Attorneys for the studios, as well as for the “Section 6” screenwriter Aaron Berg, filed a stipulation for dismissal in U.S. District Court in Los Angeles on Wednesday. But the dismissal is without prejudice — meaning that similar claims could be filed again.
Details of the settlement were not disclosed, but the attorneys issued a statement that read, “The parties have resolved the matter to their satisfaction.” Robert Schwartz, attorney at O’Melveny & Myers, represented MGM and the longtime Bond producing entity, Danjaq. Aaron Moss and Bert Fields of Greenberg Glusker, represented Universal.
The “Section 6” project is moving forward, but there has been speculation that the settlement includes a detailed road map of what can and cannot be used in the movie, so as to not infringe on the Bond franchise.

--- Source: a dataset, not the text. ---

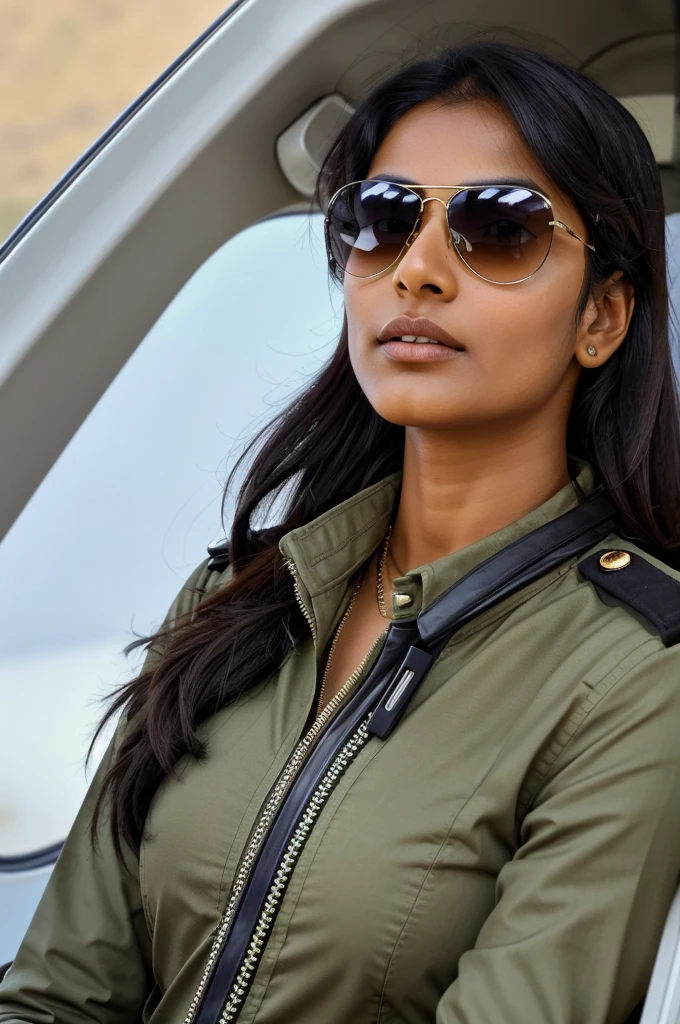Indian female pilot in the cockpit with sunglasses and a Rolex watch would likely exude confidence and a sense of style while maintaining a professional demeanor. Her sunglasses are practical for reducing glare, while her Rolex watch suggests a taste for quality and precision, mirroring her role as a pilot where attention to detail is crucial.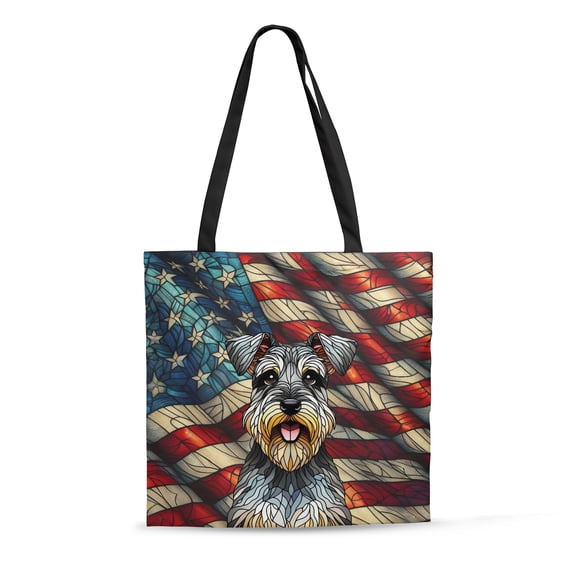 Patriotic Schnauzer Stained Glass Portrait American Flag All Over Print 3D Canvas Tote Bag Miniature Schnauzer Dog Lover Reusable Handbag - 01010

MGM claimed that “Section 6,” focusing on the formation of MI6 after World War I, stole from their highly lucrative Bond franchise. Universal, however, called the lawsuit premature, given that Universal had yet to greenlight its project. The studio in court filings even claimed that MGM’s action was an effort to scare away would-be competitors and to gain “a monopoly on the British spy genre.”
But U.S. District Judge James Otero in September refused to dismiss MGM’s lawsuit, writing that the the similarities are “sufficient to give rise to a claim for copyright infringement.” Although parts of his order were redacted, he cited some of the screenplay’s dialogue, specifically the way that the lead “Section 6” character Alec Duncan introduces himself: “Duncan. Alec Duncan.” — which is obviously very similar to the iconic line “Bond. James Bond.”
Berg was represented by David Aronoff of Lathrop & Gage in the litigation.